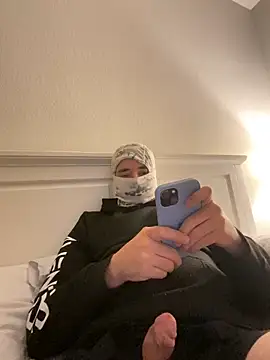 phantom898983 online show from March 26, 2026, 9:48 am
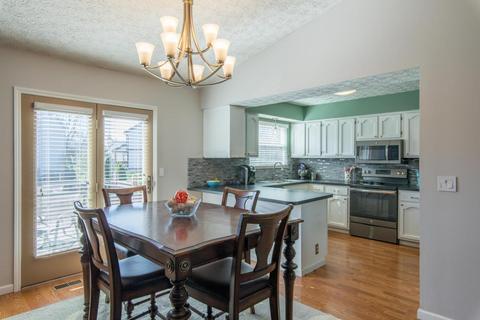 3725 Carnforth Dr, Columbus, OH 43221 photo 9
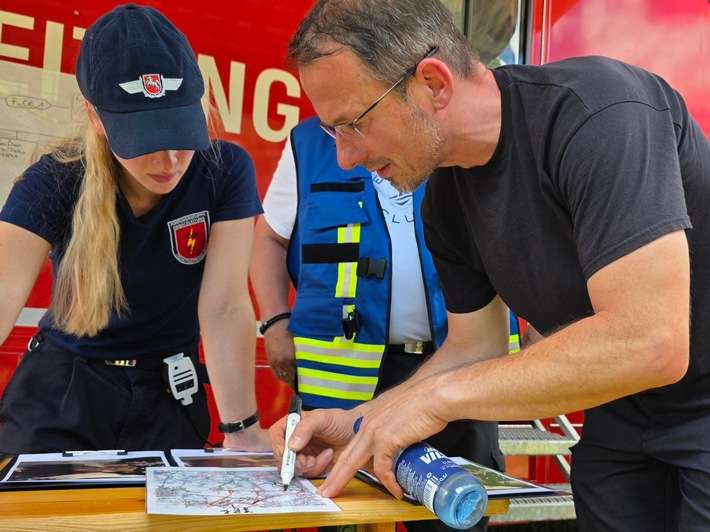 FW Celle: Personensuche in Bostel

——

#### Task statement:
Quote the data above in full and without alteration; skip the pictures.

#### Response to the task:
 phantom898983 online show from March 26, 2026, 9:48 am
 3725 Carnforth Dr, Columbus, OH 43221 photo 9
 FW Celle: Personensuche in Bostel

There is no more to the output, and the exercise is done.